Employers assign workers tentative shifts, and then notify them a half-hour or ten minutes before the shift is scheduled to begin whether they’re actually needed. Some even require workers to check in by phone, email, or text shortly before the shift starts.
Welcome to the app-economy!

So, when Ramesh blogged about agreeing with Miliband, I had merely read and blogged about the possibilities but didn't know that it was already a serious real policy/political problem in the UK.  A few days after that, Slate reported on the same issue, that New York's attorney general:
 is concerned that “a number of companies in New York State utilize on-call shifts and require employees to report in some manner ... to learn whether their services are ultimately needed on-site that day.”
Back in the days of manufacturing, just-in-time manufacturing was a big deal.  From Toyota and from Japan it quickly spread everywhere.  Now, that just-in-time concept is being extended to the service industry, where the "inventory" is labor; the reserve army of labor, as Marx phrased it.

Reich notes:
employees are now becoming variable costs of doing business – depending on ups and downs in demand that may change hour by hour, possibly minute by minute.
Yet working people have to pay the rent or make mortgage payments, and have keep up with utility, food, and fuel bills. These bills don’t vary much from month to month. They’re the fixed costs of living.
American workers can’t simultaneously be variable costs for business yet live in their own fixed-cost worlds.
They’re also husbands and wives and partners, most are parents, and they often have to take care of elderly relatives. All this requires coordinating schedules in advance – who’s going to cover for whom, and when.
But such planning is impossible when you don’t know when you’ll be needed at work. 
Yep, it is the share-the-scraps economy!

Which then leads to the question that I have been wrestling with since the commie days of my youth.  Marx said "philosophers have only interpreted the world, in various ways; the point is to change it."  What good is my intellectual understanding (assuming it is intellectual) when I can't do a damn thing?

2 comments:

Ramesh said...

Yes Robert Reich puts it well. Agree with everything he says except the bit about raising the Minimum Wage !!!

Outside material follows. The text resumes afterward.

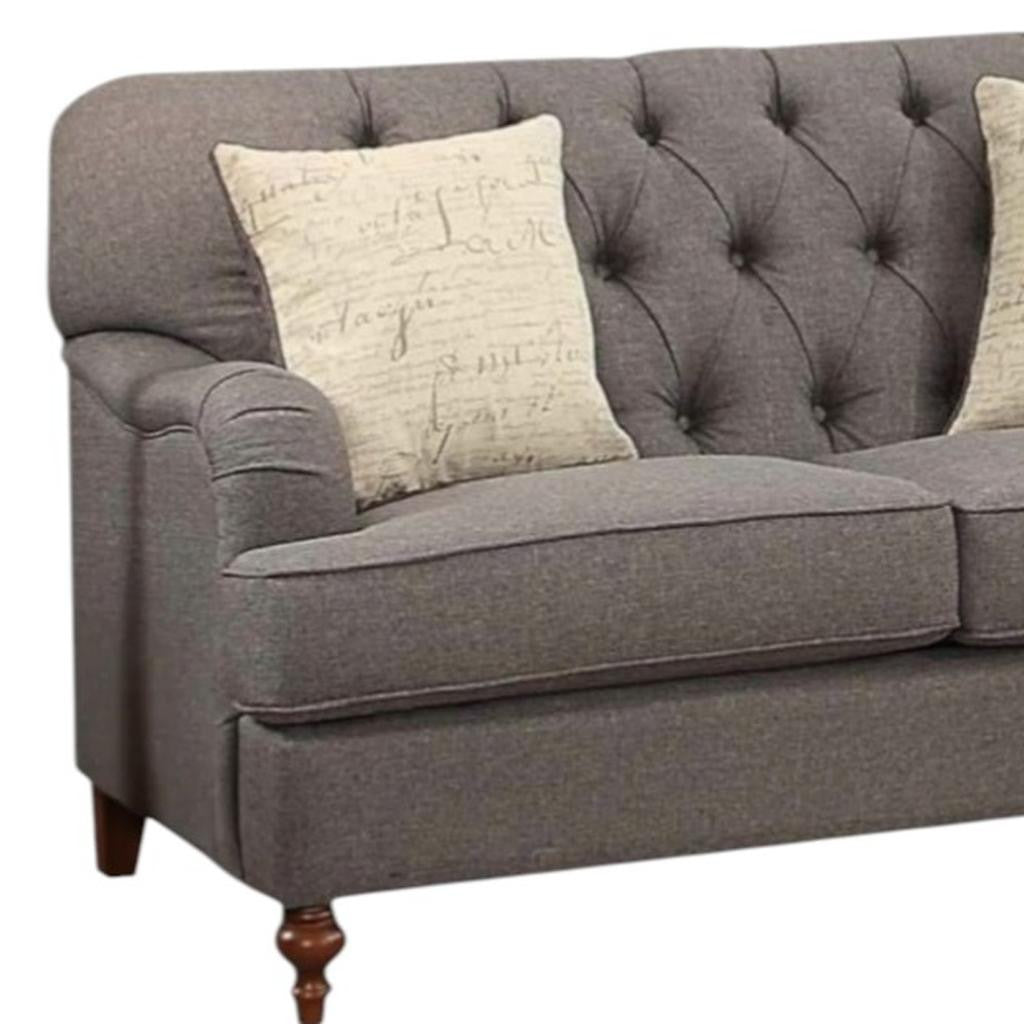 61" Dark Gray And Brown Linen Curved Loveseat and Toss Pillows-3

I am actually quite puzzled by the phenomenon even from an employer's perspective. If you employ people like this, they will have zero incentive to work. Zero motivation. Zero belonging to the company. And this is mostly happening in the service industry where the employee is often the first line of contact with a customer. How can a company survive with pissed off employees as your customer contact point. The wages saved by these horrible practices are much smaller than the marketing budgets of these companies. The nice lady at the checkout counter, as you have remarked many a time, is a better ambassador of your store than all those TV ads. So why do these companies treat their workers like shit.

I simply do not understand.

Sriram Khé said...

If you--an uber-business guy--throw in the towel with "I simply do not understand" then what chance do I have to make sense of this!

BTW, this, too, is a small piece that contributes to wage stagnation and the growing income inequality, and the urgency to re-write the social contract.